Holstein interglacial
Adapted from Wikipedia · Discoverer experience
The Holstein or Holsteinian interglacial (German: Holstein-Warmzeit or Holstein-Interglazial), also called the Mindel-Riss interglacial (Mindel-Riß-Interglazial) in the Alpine region, was the third to last major interglacial period in Europe before today’s warm time, called the Holocene. An interglacial is a time when ice ages warm up and glaciers shrink, allowing plants, animals, and people to live in areas that were previously covered in ice.
This warm period came right after the Elster glaciation and before the Saale glaciation, during a time known as the Middle Pleistocene. Scientists have studied this period carefully to understand Earth’s climate history. For a long time, they were not sure exactly when it happened, as it seemed to match two different times in Earth’s past based on sea level changes, called marine isotope stages MIS 11 and MIS 9.
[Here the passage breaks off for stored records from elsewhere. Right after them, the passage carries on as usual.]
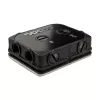 Alphacool Eisblock XPX Pro 1U CPU-jäähdytin - AMD/Intel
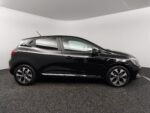 Renault Clio S-999-GP financial lease – Leaseprijzen.nl – afbeelding 3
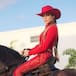 ¿Qué hay detrás del nuevo tema “EL Jefe” de Shakira?
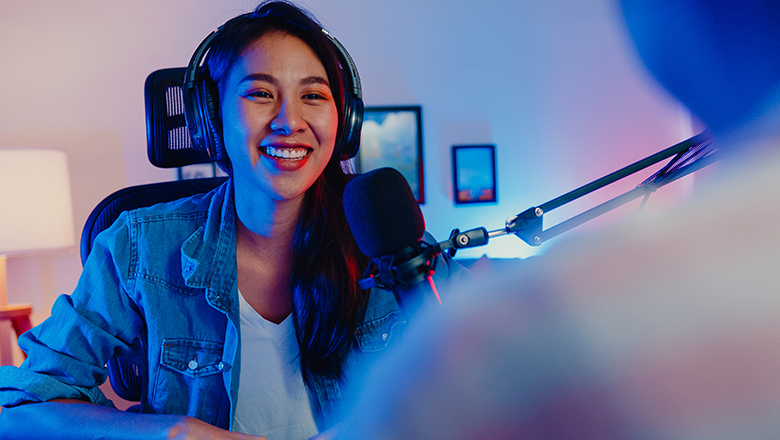 为某游戏公司提供跨境出海营销推广业务培训课程的定制化服务1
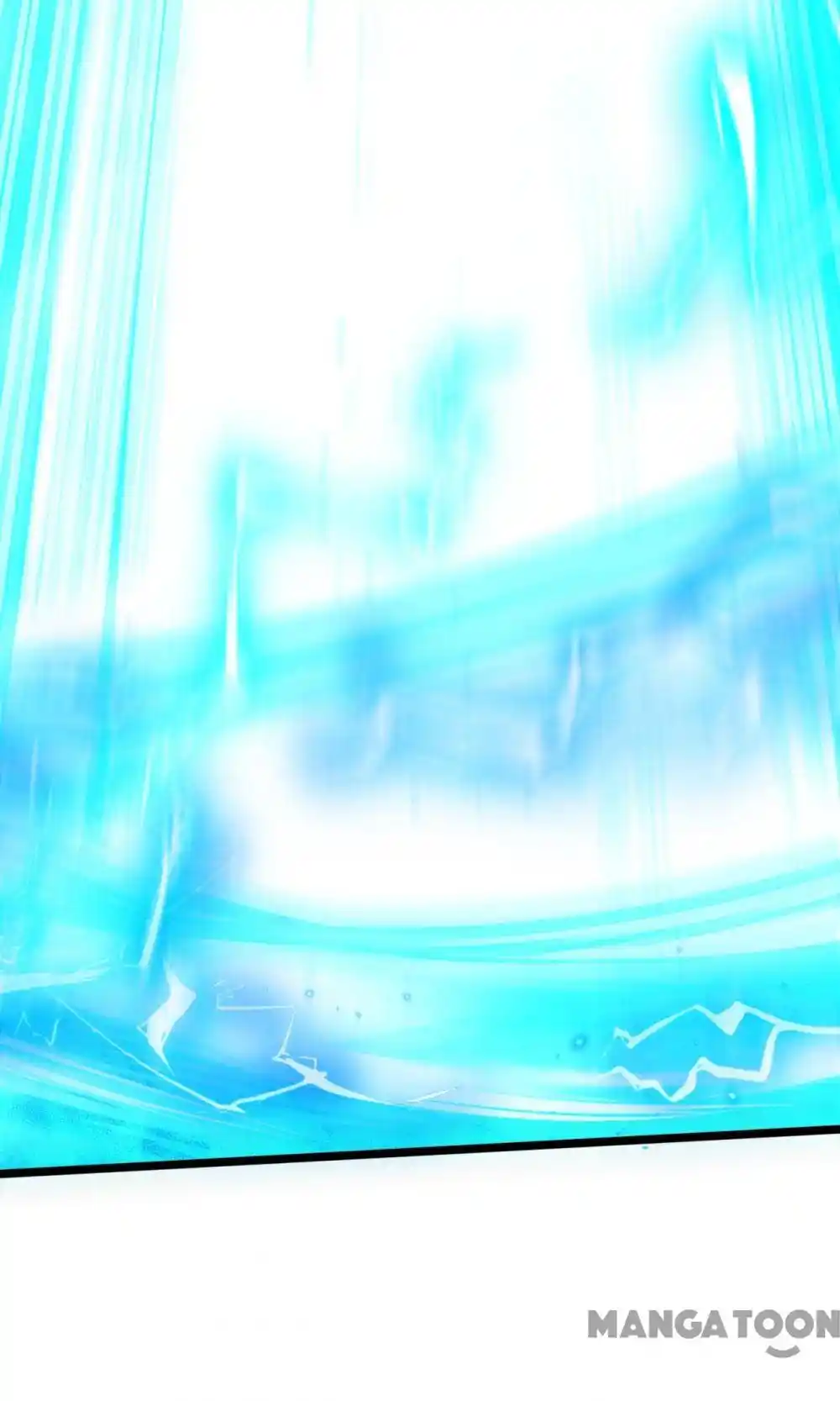 My Three Thousand Years To The Sky Chapter 364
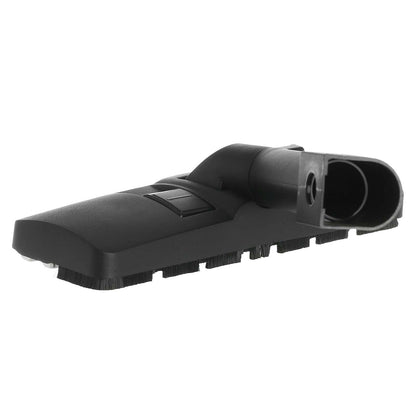Numatic(Henry) Vacuum Cleaner Floor Tool - Square Connection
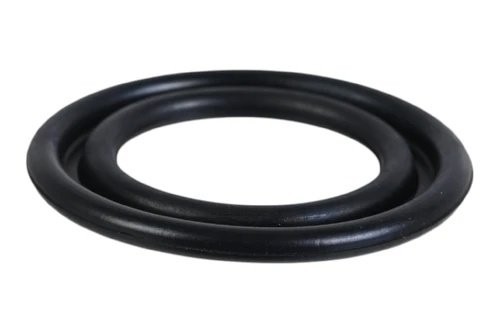 кольцо уплотнит.! радиатора масл. 35.5x59.5x4.7 Volvo Z08246 ZENTPARTS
Recent research suggests that the Holstein interglacial happened around 421 to 395,000 years ago, matching marine isotope stage MIS 11. This information helps us learn how Earth’s climate has changed over hundreds of thousands of years and gives clues about how it might change in the future.
Definition
The Holstein interglacial is a warm period that happened long ago. Scientists can see this time in special layers of dirt and sand. At a place near Hamburg, they found clues showing how the land changed from cold ice ages to warmer weather and then back again.